Wednesday, 18 December 2013

                             

                           Qutub Shahi Dynasty: Nature of the State
                                                                                                               - Lalhminghlua
                      



The Qutub Shahi Kingdom was formed from the weak and disintegrated Bahmani Kingdom by Qutub-ul-Mulk like many other Governors of the time who declared their independence and autonomy. Sultan-Quli Qutub-ul-Mulk, the founder of the Qutub Shahi dynasty belonged to the Turkish Qara-Quyunlu tribe. Most of the tribe were killed by a hostile tribe Aq-Quyunlu. Although Qutub-ul-Mulk’s family made their escape, on account of unsafe ambience, Sultan Quli was sent to India who reached Deccan during the reign of Muhammad Shah III of Bahmani Kingdom at the age of twenty. However, in the later period the internecine feuds led to the disintegration of the Bahmani Kingdom and Governors of Bijapur, Ahmadnagar and Berar became autonomous.

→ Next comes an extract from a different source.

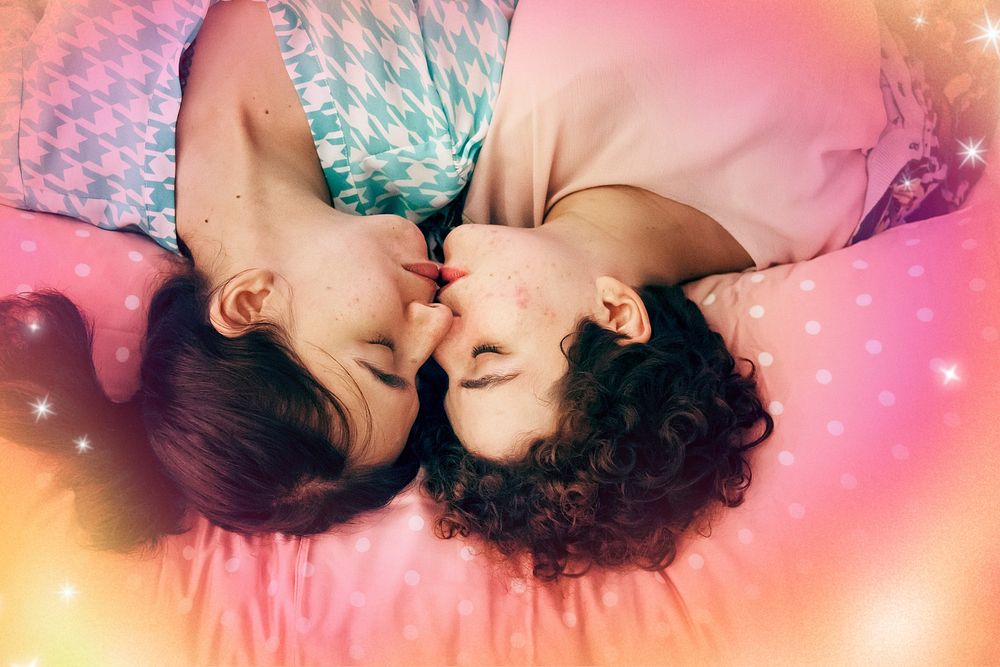 Lesbian couple sleeping on the bed together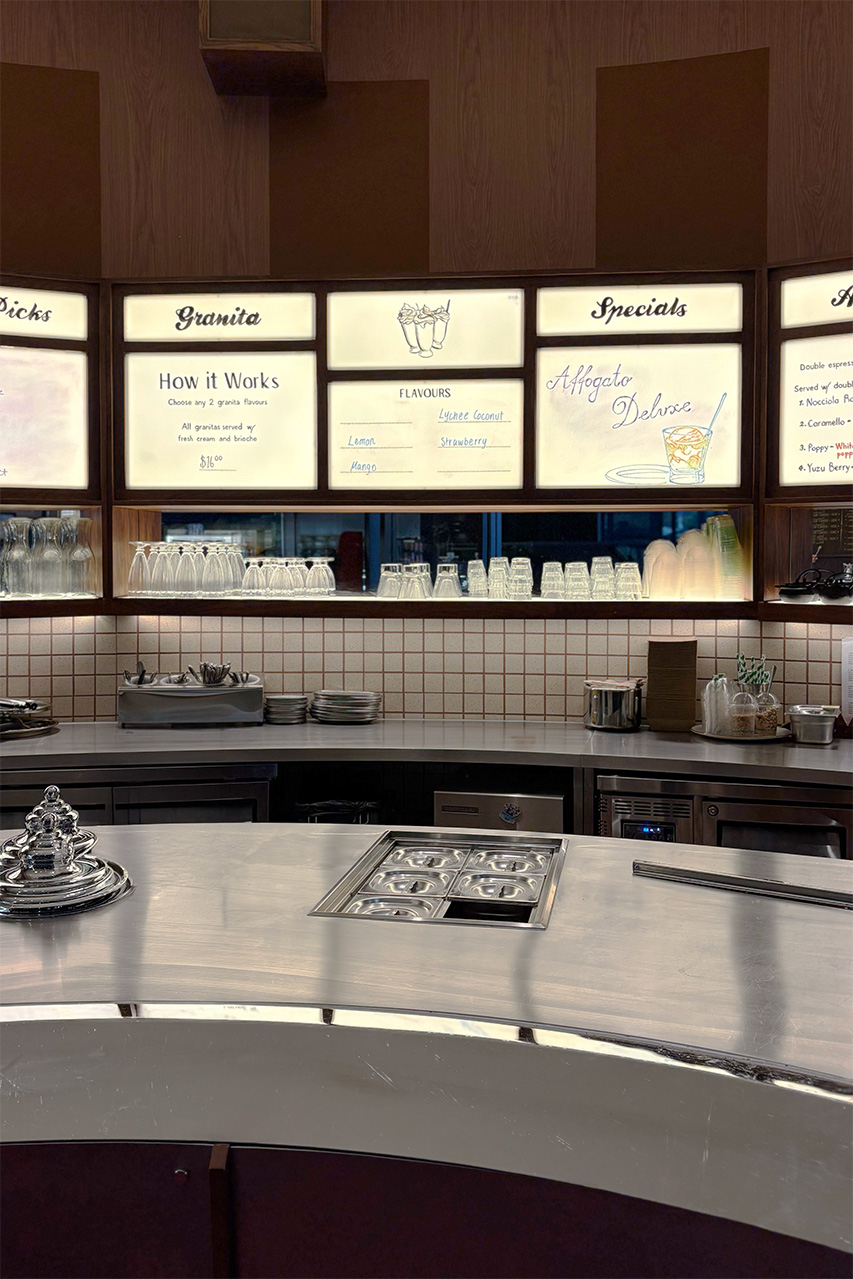 Backlit menu boards over the servery at Cow and The Moon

The kingdom was divided into Tarafs or Provinces. There were six Tarafs during the reign of Abul Hasan of which Telengana was one. There were 37 sarkars or districts divided into taluks or parganas. Each taraf was ruled by a Governor. The officer in charge of the sarkars and parganas were called Faujdars who were assisted by Havaldars. Ports like Machilipatnam were important for the lucrative trade carried on the foreigners – British, Portuguese and the Dutch. The Chief Port Officer was called Shah Bandar whose chief duty was to collect the revenues. The authority of the port was auctioned to the highest bidder who according to Moreland were mostly Brahmins and Banians. The Sarkars were called Simi, the plural of Sima – Bellamkonda, Vinukonda, Nizampatnam, Kondapalli, Machilipatnam, Eluru, Rajahmundry etc. There were also a number of local officials who were mentioned in the farmans and sanads of the Qutub Shahis such as Deshpande, Thanedar, Deshmuk, Majumdar, Thalkurni etc. The Headman of the village was called the Muqaddam and the accountant Kulkarni. The deshpande holds the position of the Pargana accountant. The Durbar were decorated in pomp and luxury. It was convened in the morning attended by the lords and nobles of the Kingdom. Besides the durbars ministerial courts were also held where matter of public importance were discussed.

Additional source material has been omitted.